There are many different ways to show a customer you’re paying attention. If you’re connecting with them in person, you can lock eyes with them and keep focused as you listen deeply to what they want and need. You can nod to show you understand what’s being said. And you can follow up with questions that build upon what they say.
One of the surest ways of demonstrating you’re taking in what a customer says, however, is to take it all down -- in other words, becoming a world-class notetaker.
The best sales reps already know this, of course. As much as those working in sales might be depicted in movies and TV shows walking around with a bluetooth headset or standing in a pitch meeting, the reality tends to look a lot different. A lot happens in real conversation with customers, and it’s not always in person. Sales people also tend to have many different conversations with customers happening at once, which means lots of details could easily get forgotten or confused. This also makes note-taking an essential selling skill.
Of course, the point of taking notes is not merely to show customers you’re alert and engaged. After all, they might be connecting virtually and have little sense that you’re taking notes at all. Instead, the impact should be felt throughout the buying process, when you’ve managed to come back with a quote that aligns perfectly to what they’ve described, or you follow up with the exact information or materials they’d asked for in your previous encounter.
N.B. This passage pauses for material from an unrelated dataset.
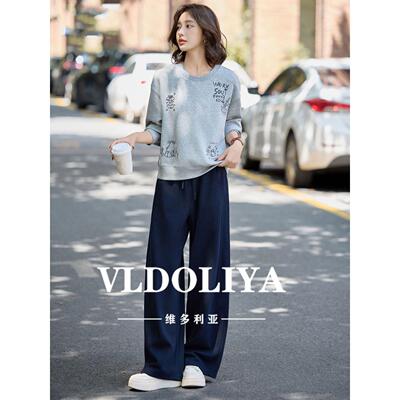 VLDOLIYA维多利亚卡通刺绣休闲运动套装女2026新款卫衣裤装两件套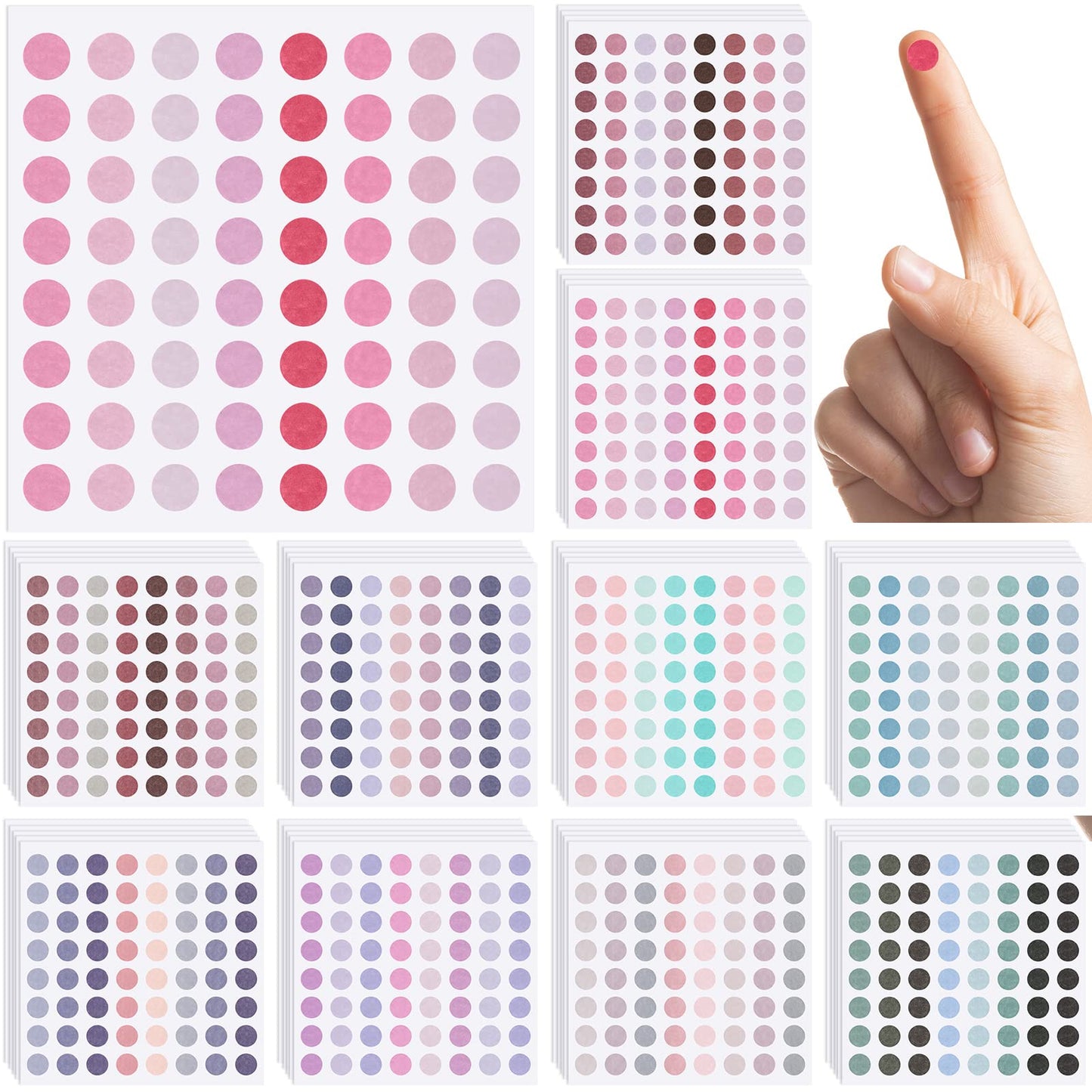 3200 Pieces Small Colored Dots Sticker 1/4 Inch Tiny Round Coding Labels Circle Dot Stickers Removable Color-Code Stickers for Bottles, Documents, 50 Sheets, 80 Colors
Notes also have an even longer-term value when the most salient data points get put into a CRM like Sales Cloud. When that happens, the entire sales team can collectively use it to improve their odds with other customers by correlating with other notes and data they’ve contributed to the system.
The good news is you don’t necessarily need a lot of fancy equipment to take notes. An everyday pad and paper will do. Some might prefer to install an app on their smartphone, or have a folder on their laptop where they can jot down things easily. Whatever your method, though, you need to make sure you’re taking notes on the right things. These are some of the basics:
Customers may share a problem they’re trying to overcome by purchasing your firm’s products and services, but look beyond the surface. Think of Simon Sinek’s bestselling book Start With Why, which suggests smart companies tend to make most of their key decisions based on a unique sense of purpose they offer to the world.
When you see or hear clues that relate to why the customer is in business, why they’re focused on a certain problem area and why it matters to them, you’ll be able to nurture a real relationship based on trust. It will elevate the buying conversation far above price points and features and gets to what motivates them most.
Sales reps are used to hearing pushback from the moment they start selling, and often have rebuttals or counter-arguments ready in their back pockets, so to speak. Those aren’t necessarily the only barriers to closing the deal, however.
Think about how purchases have evolved, particularly in a B2B environment, where buying teams may include half a dozen people or more. As a sales rep, you might never even meet all of them, but you’ll certainly have to address any issues or barriers they might raise.
Sometimes customers will let these kinds of details slip -- like the fact that their CFO is adverse to working with new vendors, for instance, or that the IT department already feels overworked managing the company’s current portfolio of applications, let alone something new.
The notes you take on these hidden objections should be the first things you research and prepare to address as you continue the conversation with the customer in future meetings.
The products and services sold by most companies will have more than one strength that appeals to customers. Sales reps often need to run through all of them, but you should take notes when you hear terms that tend to align more to one kind of feature or benefit than others.
Certain customers might be focused on doing things more quickly, for instance. If they talk about how slow certain processes are, or if they keep referring to speed or being fast in a positive way, the details of your pitch or your follow-up meeting should be themed accordingly. In other cases, “costs” will be a trigger word, or “help,” if top-notch support is among the most important criteria.
Body language can speak volumes. Facial expressions can also tell you a lot. Without looking like you’re playing psychologist, a good sales rep will take note of the things they say that make customers frown, flinch or look confused. More positive signs, like smiles or a sense of excitement should be duly noted, too.
Even if you’re primarily dealing with a customer by phone, you’ll want to note changes in their tone based on how the conversation unfolds. Note any long or sudden silences that a particular topic or point provokes. All of this is essential to fine-tuning your approach later on.
When a customer call or meeting wraps up, go over the discussion highlights. Clarify what outstanding questions are to be answered, or any other next steps you’ll need to take on their behalf. Also write down any additional details about what the process will look like on their end. That way, you won’t reach out again or follow up before they’re actually ready to hear from you.
Bear in mind, of course, that you’re never going to be able to write down every word the customer says in your conversations. That’s not the point anyway. Your notes don’t have to be perfect. They just have to be good enough that you’ll be able to understand them and use them to do whatever’s necessary to close the deal -- and to build a better partnership with your customer.